Consideradas inconstitucionais por comissão, duas propostas serão arquivadas, exceto se houver recurso assinado por 52 deputados. Pelos projetos, deixaria de ser crime aborto feito em gestações de até 90 dias; hospitais públicos teriam de realizar o procedimento.

Dois projetos que descriminalizam o aborto foram rejeitados ontem pela CCJ (Comissão de Constituição e Justiça) da Câmara dos Deputados, que os considerou inconstitucionais.

Pelas propostas, deixaria de ser crime o aborto feito em gestações de até 90 dias e os hospitais públicos ficariam obrigados a realizar o procedimento.

Agora, os projetos serão arquivados, a não ser que um recurso assinado por um décimo dos deputados (52) peça o encaminhamento das propostas ao plenário -o deputado José Genoino (PT-SP) deve encabeçar uma coleta de assinaturas.

Em meio a um debate acalorado, apenas quatro dos deputados presentes votaram favoráveis aos projetos: Regis de Oliveira (PSC-SP), José Eduardo Cardozo (PT-SP), Eduardo Valverde (PT-RO) e Genoino. Os demais seguiram o voto do relator, deputado Eduardo Cunha (PMDB-RJ), pela inconstitucionalidade dos projetos.

“Não se pode admitir normas que transgridam o direito à vida para salvaguardar bens jurídicos de equivalência inferior, como, por exemplo, a liberdade e a autonomia da mulher”, diz o voto do relator. Dos 61 deputados da CCJ, cerca de 40 estavam na sessão de ontem, mas a presença não foi registrada.

Durante quase três horas, os projetos 1.135, de 1991, e 176, de 1995, foram objeto de discursos pró e contra que misturaram direito e convicções religiosas.
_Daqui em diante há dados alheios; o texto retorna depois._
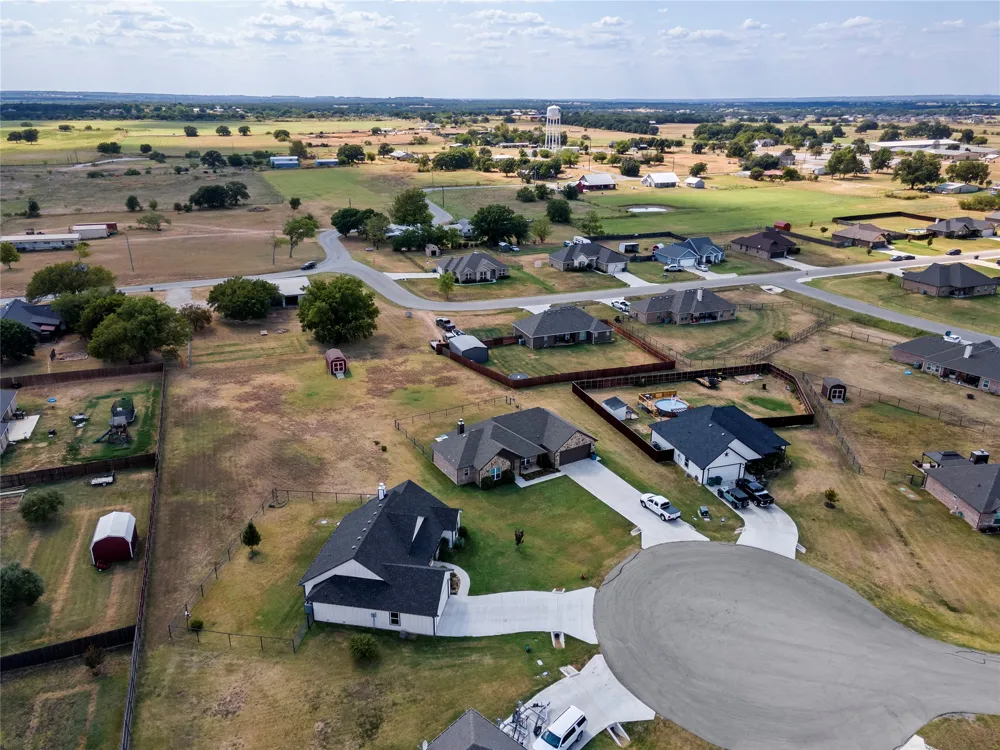 108 Daisy Court Paradise, TX 76073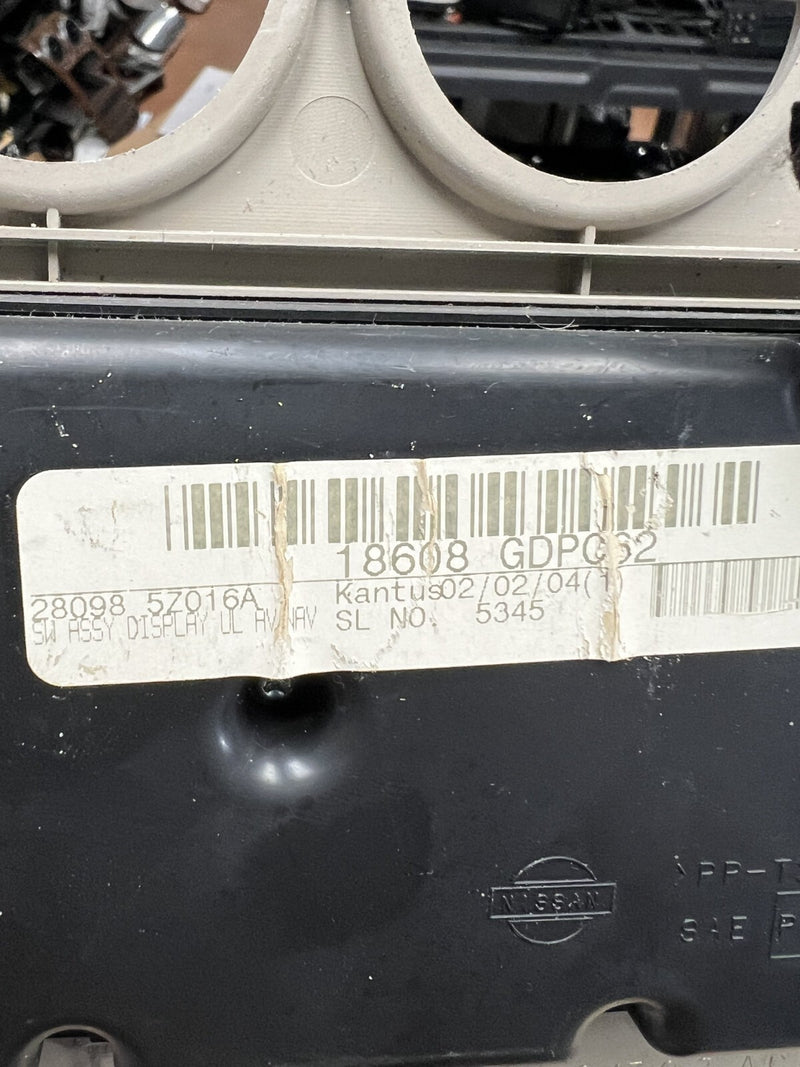 2004-2006 Nissan Quest Radio Stereo Control Bezel 28089 5Z016A 18608 GDPC62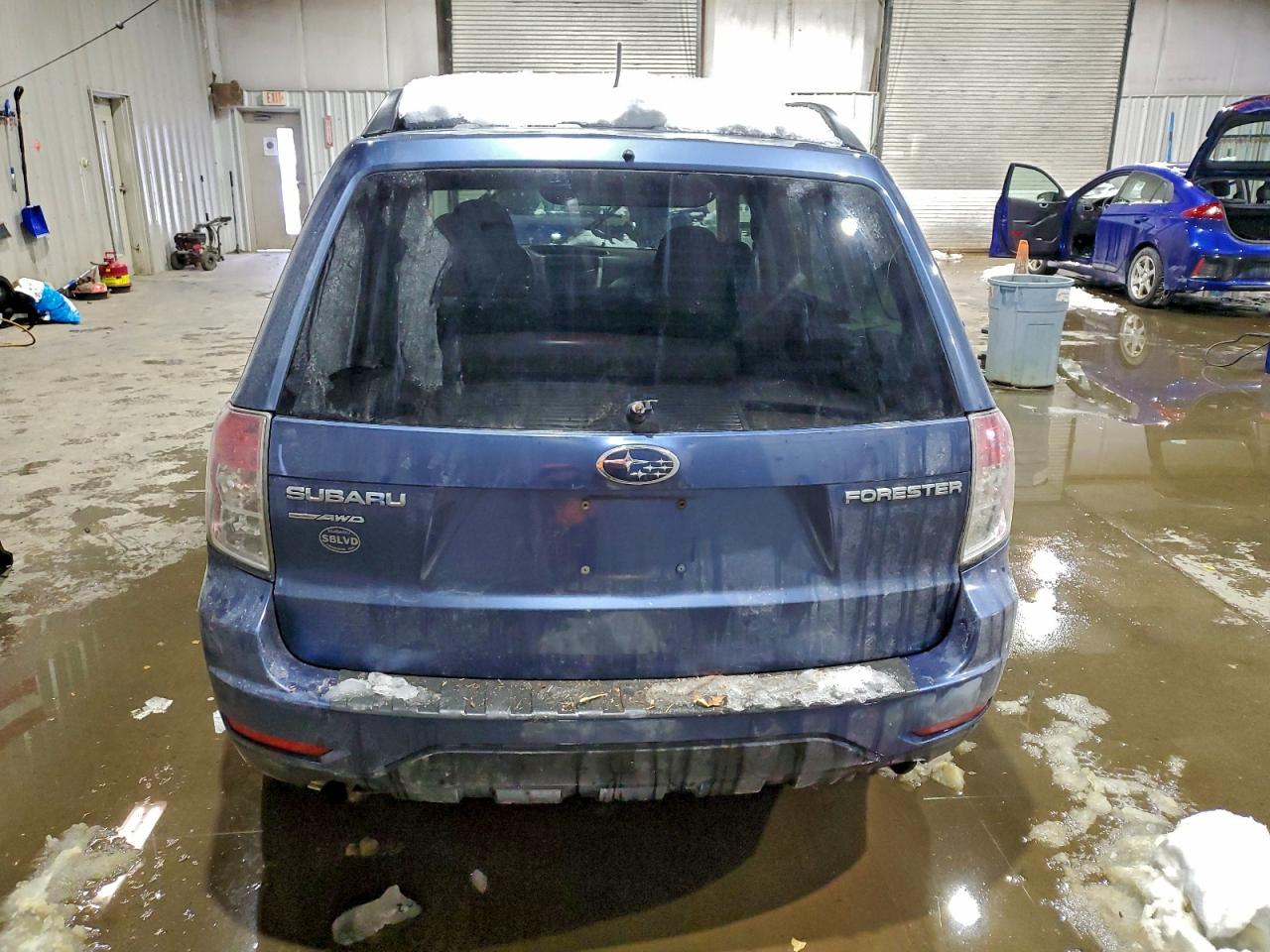 2011 SUBARU FORESTER photo 11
O momento mais polêmico foi quando o deputado evangélico Carlos Willian (PTC-MG) tirou de uma caixa duas bonecas e um caixão de criança e gritou para a platéia: “Vocês querem matar essas crianças?”.
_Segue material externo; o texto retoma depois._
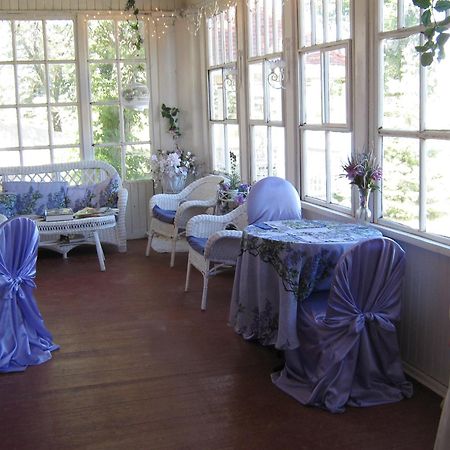 Wakamow Heights Bed&Breakfast Moose Jaw Exterior foto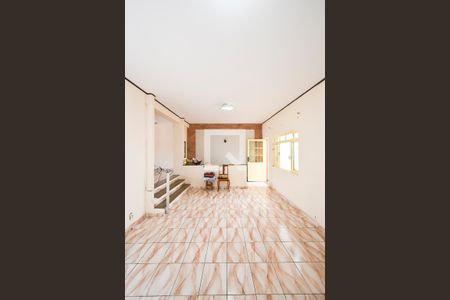 Sala 1 de casa à venda com 2 quartos, 248m² em Jardim Neila, São Paulo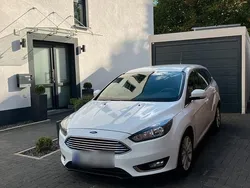 Weiß Gebraucht 2015 Ford Focus Business Edition Kombi | 7.400 € (Guter Preis)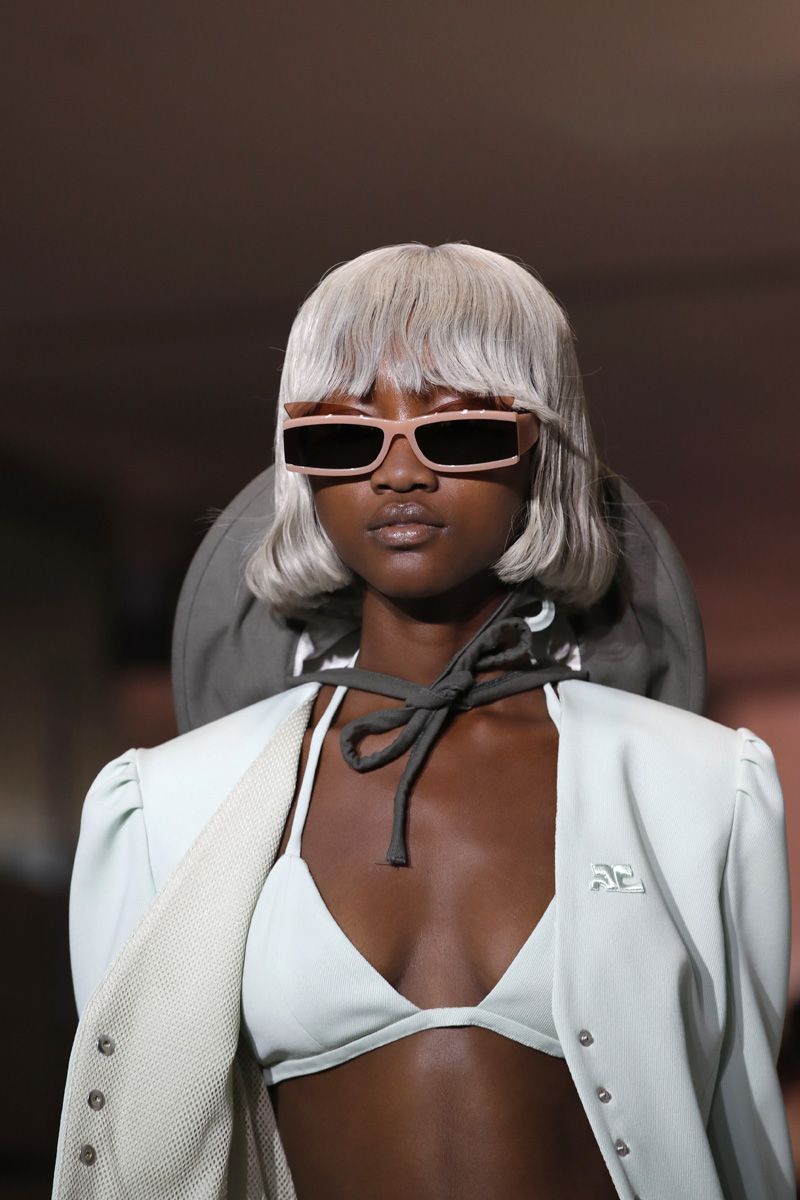 Courreges İlkbahar/Yaz 2019 koleksiyonu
Antes da cena, Willian comparou o abortamento com recentes crimes ocorridos contra crianças no país -Isabella Nardoni, jogada da janela, e João Roberto Amorim, baleado no domingo no Rio, em crime atribuído a policiais militares.

Os dois projetos tratam da descriminalização do aborto e tramitam juntos. O 1.135, de autoria dos ex-deputados Eduardo Jorge e Sandra Starling, retira apenas o artigo 124 do código, que trata da criminalização da mulher que pratica o aborto ou deixa que nela o pratiquem.

A proposta não mexe nos outros artigos, que dizem que pratica crime quem faz o aborto. Esses artigos, no entanto, são informalmente suprimidos pelo outro projeto, de autoria do deputado José Genoino (PT-SP). Por essa proposta, o aborto é legal quando feito na gestação de até 90 dias.

“Aquele que teme a Deus e ama ao próximo não tem que se limitar a um debate jurídico.” A frase, do deputado Jorginho Maluly (DEM-SP), foi uma das que deram o tom religioso.

“A Constituição é nossa crença, ela é objetiva”, disse o deputado José Eduardo Cardozo (PT-SP), ao defender a constitucionalidade dos projetos.

O debate foi encerrado sob protesto de 14 mulheres, favoráveis aos projetos, que amarraram lenços roxos na boca.

A maior parte das pessoas presentes, no entanto, era contrária às proposições. Havia quem rezasse o terço e distribuísse revistas católicas.

Além desses dois projetos, há pelo menos outros 15 sobre o tema em tramitação no Congresso Nacional.